=== THE TASK ===
Transcribe each line of the material as it is, and drop any picture.

::::::::::

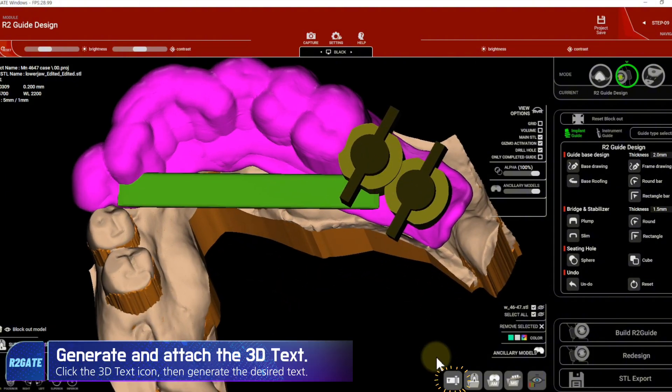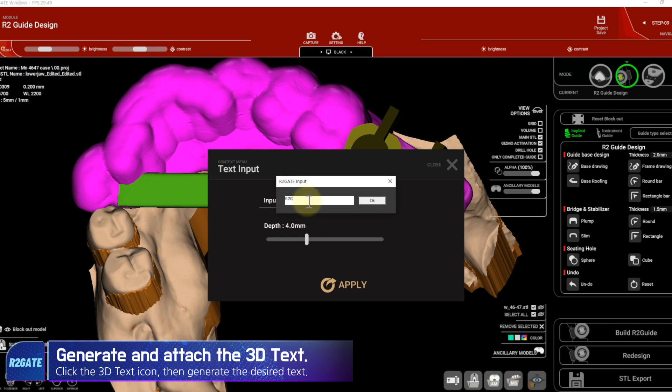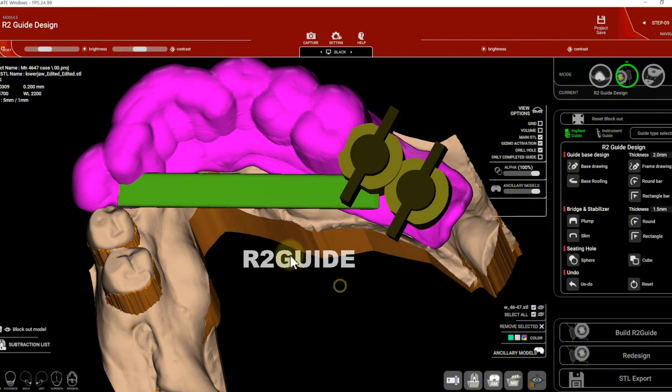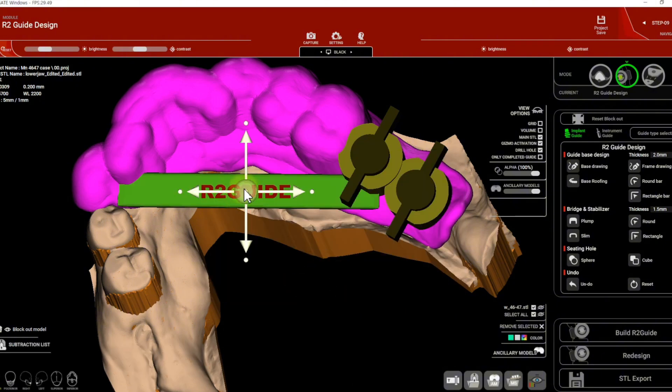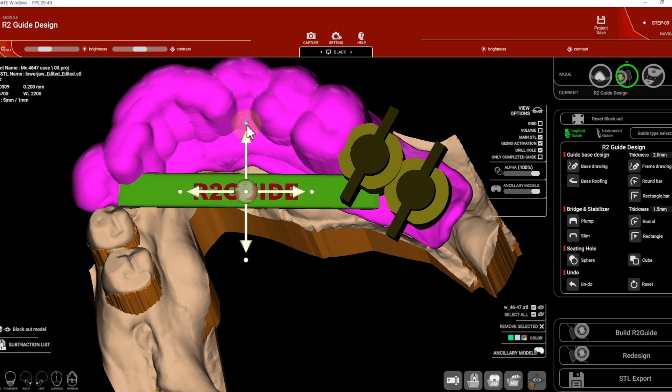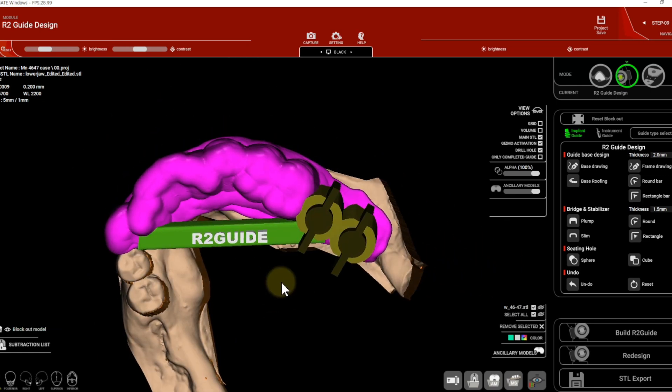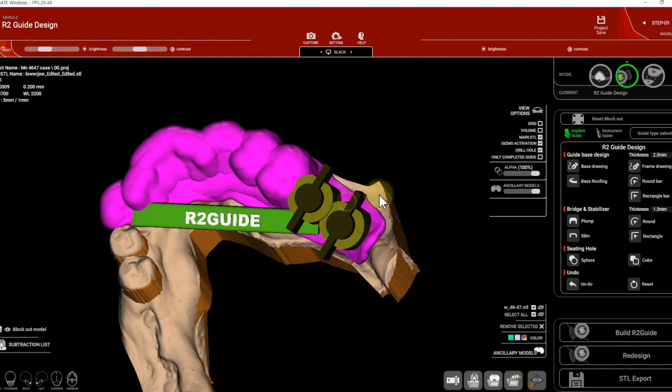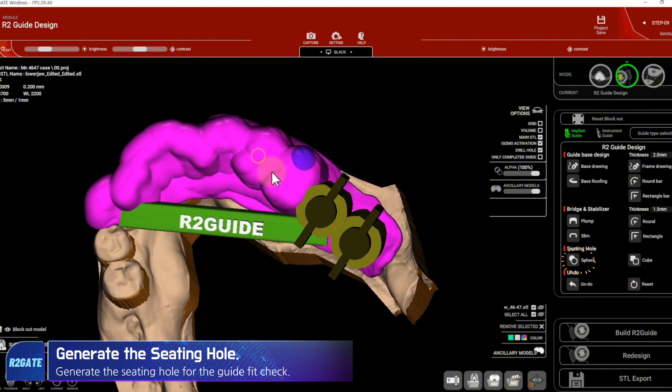Click the 3D text icon, then generate the desired text. Select the seat hole for the guide fit check.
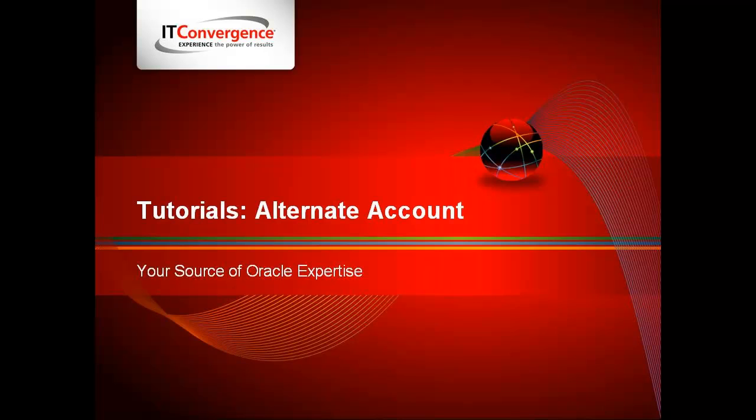Hi, my name is Garrett Faircloth and I'd like to talk to you about creating alternate accounts with Oracle R12.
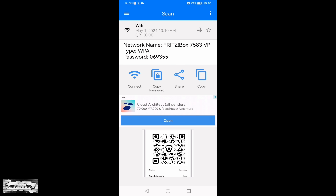After selecting the picture, tap OK or the option in the upper right corner. And there you have it — your Wi-Fi password is displayed.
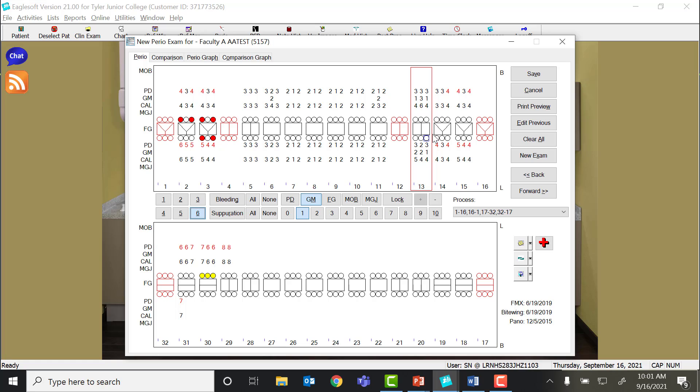What I want you to look at with this number, let's tap on number 13 where I've put recession around the entire tooth. Notice that the PD, the probe depth here on the side, is 3. I've put in the gingival margin as recession as a 1-3-1, and that changed the clinical attachment level to 4-6-4.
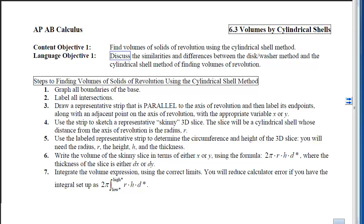This is Section 6-3, Volumes by Cylindrical Shells. The content objective, the only one for this section, is to find volumes of solids of revolution using the cylindrical shell method. In Section 6-2 we learned how to find volumes using the washer or disc method. We will be using the same solids except sliced differently. When we're done, you should be able to discuss the similarities and differences between the disc/washer method and the cylindrical shell method.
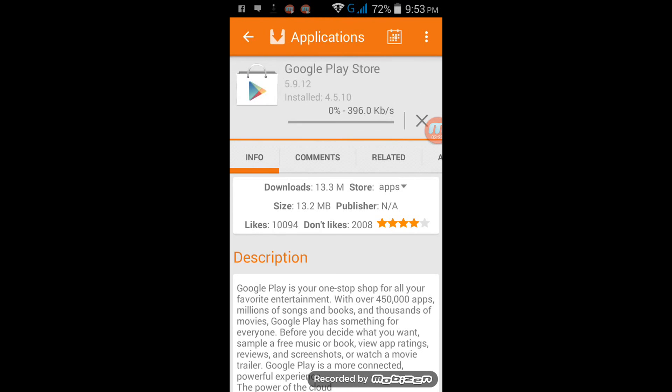So thank you guys, and please don't forget to subscribe to my channel. This is how you download Google Play Store in simple steps. Thank you.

::::::::::

=== SOLUTION ===
Click the 3D text icon, then generate the desired text. Select the seat hole for the guide fit check.
Hi, my name is Garrett Faircloth and I'd like to talk to you about creating alternate accounts with Oracle R12.
After selecting the picture, tap OK or the option in the upper right corner. And there you have it — your Wi-Fi password is displayed.
What I want you to look at with this number, let's tap on number 13 where I've put recession around the entire tooth. Notice that the PD, the probe depth here on the side, is 3. I've put in the gingival margin as recession as a 1-3-1, and that changed the clinical attachment level to 4-6-4.
This is Section 6-3, Volumes by Cylindrical Shells. The content objective, the only one for this section, is to find volumes of solids of revolution using the cylindrical shell method. In Section 6-2 we learned how to find volumes using the washer or disc method. We will be using the same solids except sliced differently. When we're done, you should be able to discuss the similarities and differences between the disc/washer method and the cylindrical shell method.
So thank you guys, and please don't forget to subscribe to my channel. This is how you download Google Play Store in simple steps. Thank you.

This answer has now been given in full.